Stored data
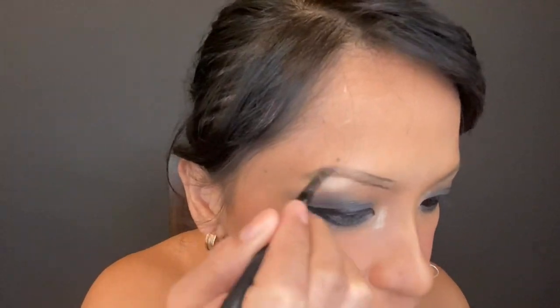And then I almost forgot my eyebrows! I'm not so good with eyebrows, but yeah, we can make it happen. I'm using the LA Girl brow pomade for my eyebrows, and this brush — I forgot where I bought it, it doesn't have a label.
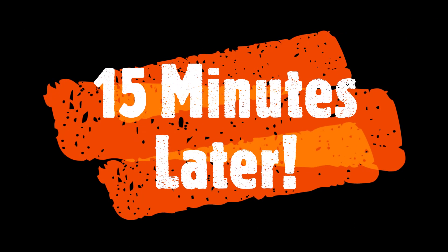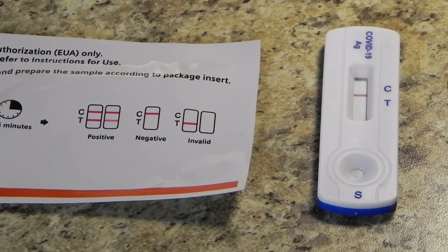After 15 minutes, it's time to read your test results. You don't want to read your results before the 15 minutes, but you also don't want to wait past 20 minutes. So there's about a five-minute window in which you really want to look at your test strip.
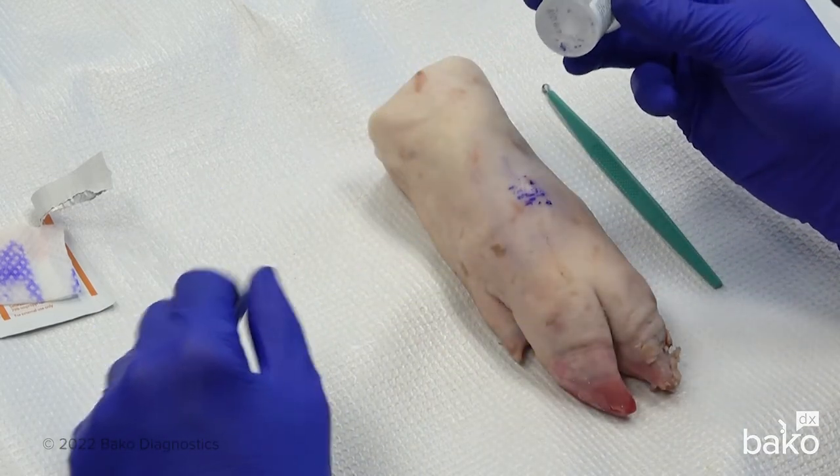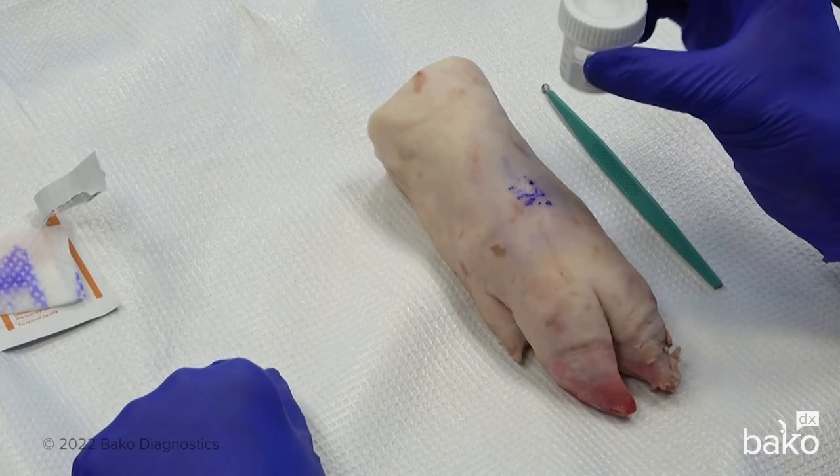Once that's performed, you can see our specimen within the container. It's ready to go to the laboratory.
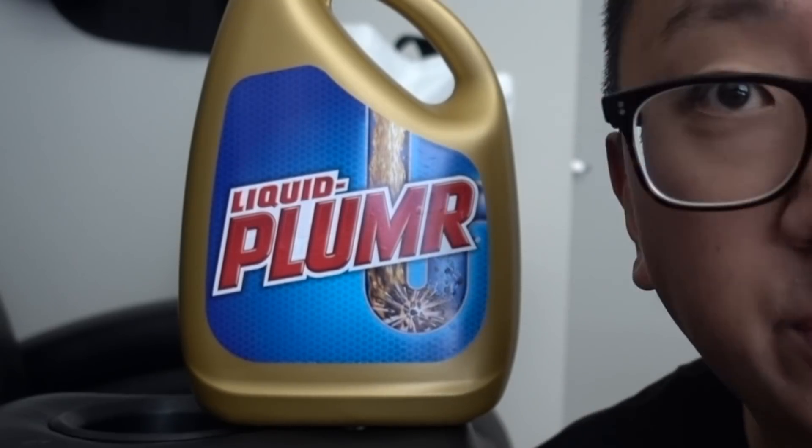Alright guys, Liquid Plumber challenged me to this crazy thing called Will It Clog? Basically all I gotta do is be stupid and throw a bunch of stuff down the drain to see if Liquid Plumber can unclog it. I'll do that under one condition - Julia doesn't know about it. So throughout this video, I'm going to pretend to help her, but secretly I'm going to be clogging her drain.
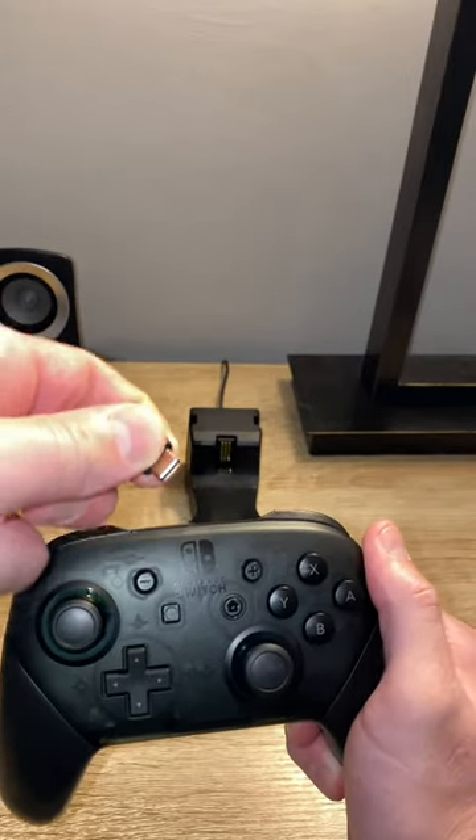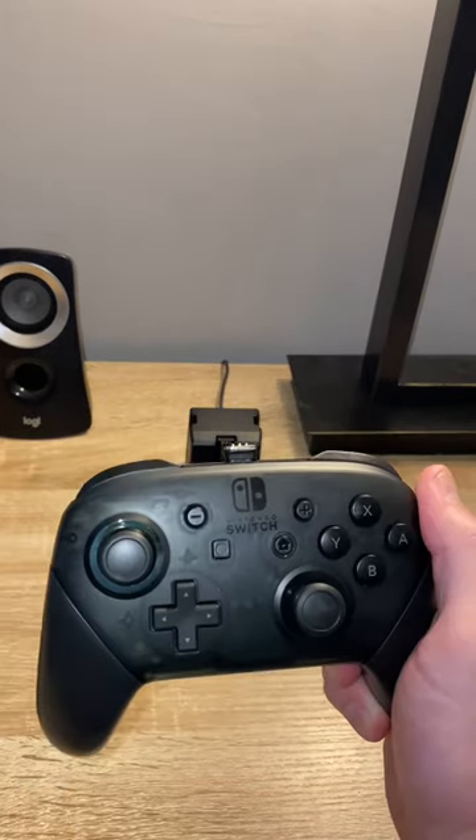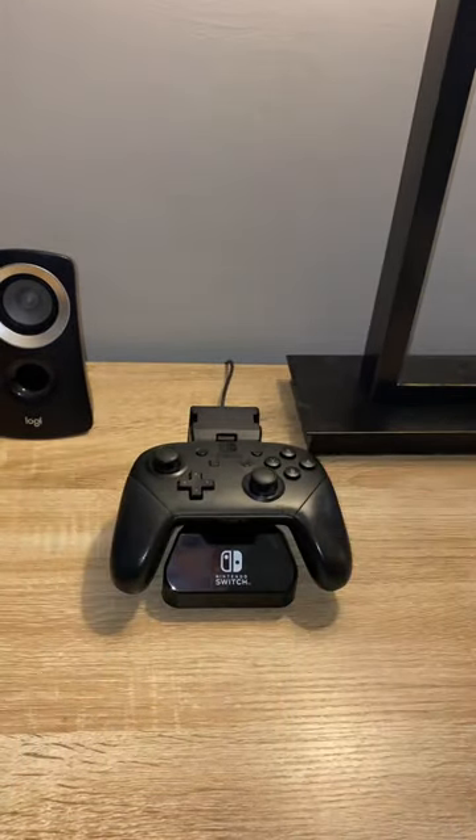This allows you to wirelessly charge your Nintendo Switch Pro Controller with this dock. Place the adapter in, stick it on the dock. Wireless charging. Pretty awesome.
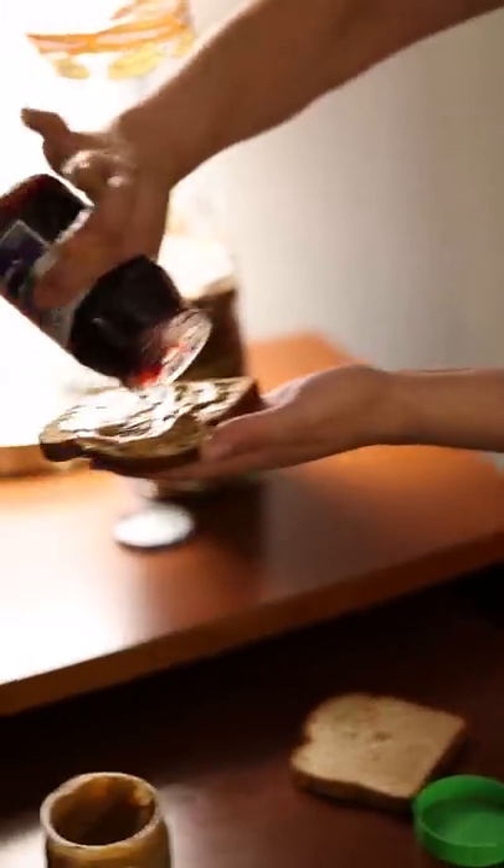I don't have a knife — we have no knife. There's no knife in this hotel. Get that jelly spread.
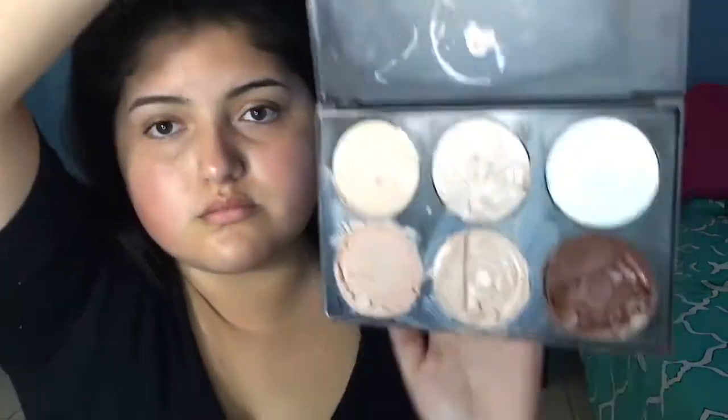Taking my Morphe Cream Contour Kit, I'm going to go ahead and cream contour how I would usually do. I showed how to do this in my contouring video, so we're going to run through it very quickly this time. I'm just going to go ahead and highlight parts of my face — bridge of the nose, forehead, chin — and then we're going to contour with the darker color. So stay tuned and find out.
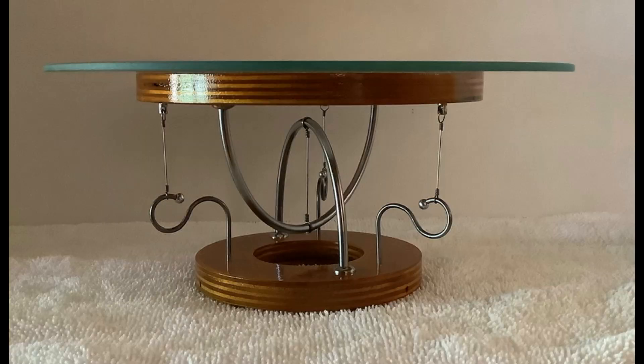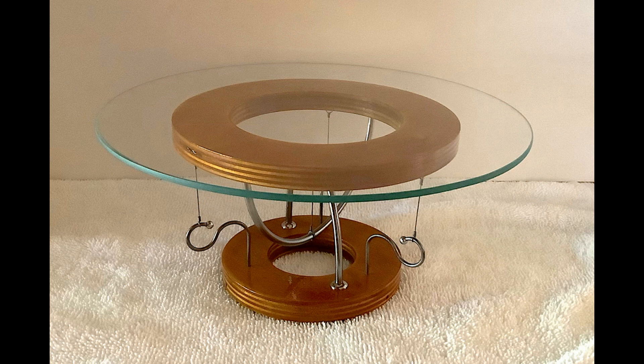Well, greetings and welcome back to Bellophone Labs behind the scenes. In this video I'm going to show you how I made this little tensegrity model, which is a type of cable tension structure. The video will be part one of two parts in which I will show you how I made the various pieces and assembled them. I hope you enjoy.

_TASK OBJECTIVE:_
If pictures appear in the data, omit them and copy all other parts exactly.

_RESPONSE TO THE TASK:_
And then I almost forgot my eyebrows! I'm not so good with eyebrows, but yeah, we can make it happen. I'm using the LA Girl brow pomade for my eyebrows, and this brush — I forgot where I bought it, it doesn't have a label.
After 15 minutes, it's time to read your test results. You don't want to read your results before the 15 minutes, but you also don't want to wait past 20 minutes. So there's about a five-minute window in which you really want to look at your test strip.
Once that's performed, you can see our specimen within the container. It's ready to go to the laboratory.
Alright guys, Liquid Plumber challenged me to this crazy thing called Will It Clog? Basically all I gotta do is be stupid and throw a bunch of stuff down the drain to see if Liquid Plumber can unclog it. I'll do that under one condition - Julia doesn't know about it. So throughout this video, I'm going to pretend to help her, but secretly I'm going to be clogging her drain.
This allows you to wirelessly charge your Nintendo Switch Pro Controller with this dock. Place the adapter in, stick it on the dock. Wireless charging. Pretty awesome.
I don't have a knife — we have no knife. There's no knife in this hotel. Get that jelly spread.
Taking my Morphe Cream Contour Kit, I'm going to go ahead and cream contour how I would usually do. I showed how to do this in my contouring video, so we're going to run through it very quickly this time. I'm just going to go ahead and highlight parts of my face — bridge of the nose, forehead, chin — and then we're going to contour with the darker color. So stay tuned and find out.
Well, greetings and welcome back to Bellophone Labs behind the scenes. In this video I'm going to show you how I made this little tensegrity model, which is a type of cable tension structure. The video will be part one of two parts in which I will show you how I made the various pieces and assembled them. I hope you enjoy.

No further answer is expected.